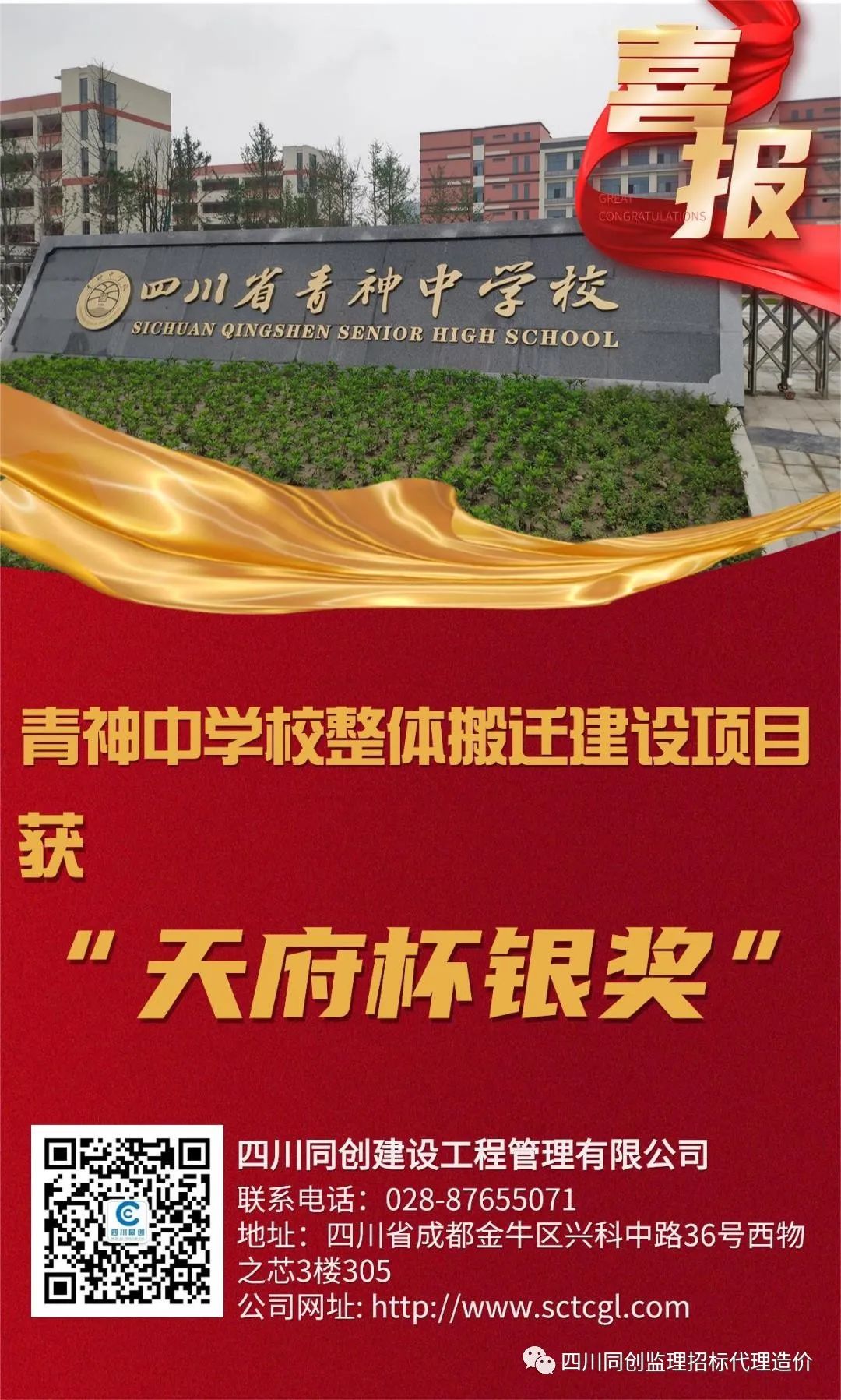 微信圖片_20240201103915.jpg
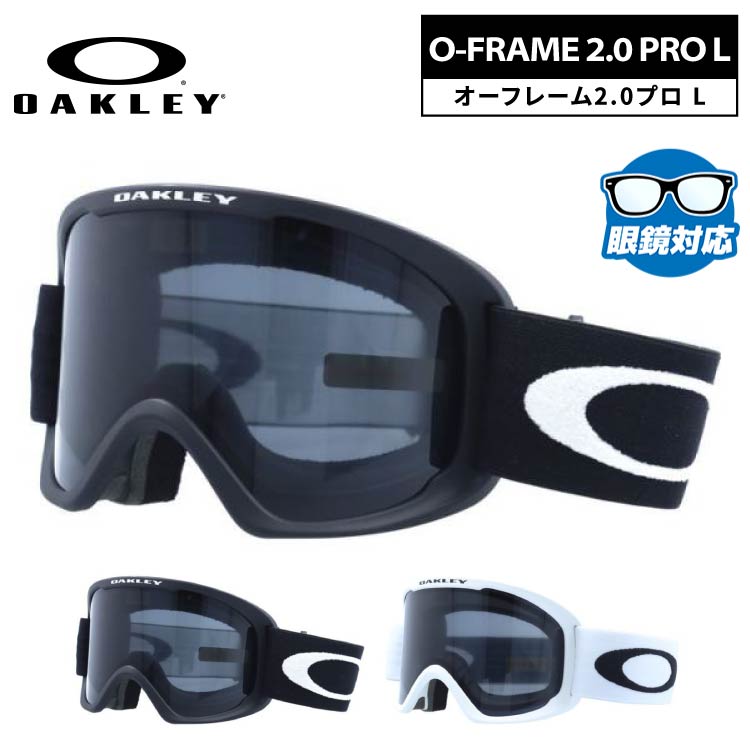 オークリー ゴーグル オーフレーム 2.0 プロ L レギュラーフィット(グローバルフィット) OAKLEY O FRAME 2.0 PRO L OO7124 全2カラー OO7124-02/OO7124-04 平面レンズ 曇りにくい 眼鏡対応 ユニセックス メンズ レディース
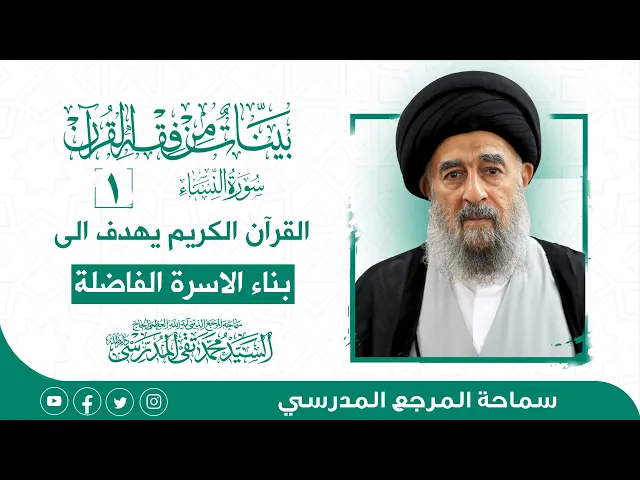 ⁣المرجع المدرسي|| سورة النساء - الدرس الاول- القران الكريم يهدف الى بناء الاسرة الفاضلة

- **Activity**:
When an image appears in the data, skip it and output the rest exactly.

- **Final answer**:
 微信圖片_20240201103915.jpg
 オークリー ゴーグル オーフレーム 2.0 プロ L レギュラーフィット(グローバルフィット) OAKLEY O FRAME 2.0 PRO L OO7124 全2カラー OO7124-02/OO7124-04 平面レンズ 曇りにくい 眼鏡対応 ユニセックス メンズ レディース
 ⁣المرجع المدرسي|| سورة النساء - الدرس الاول- القران الكريم يهدف الى بناء الاسرة الفاضلة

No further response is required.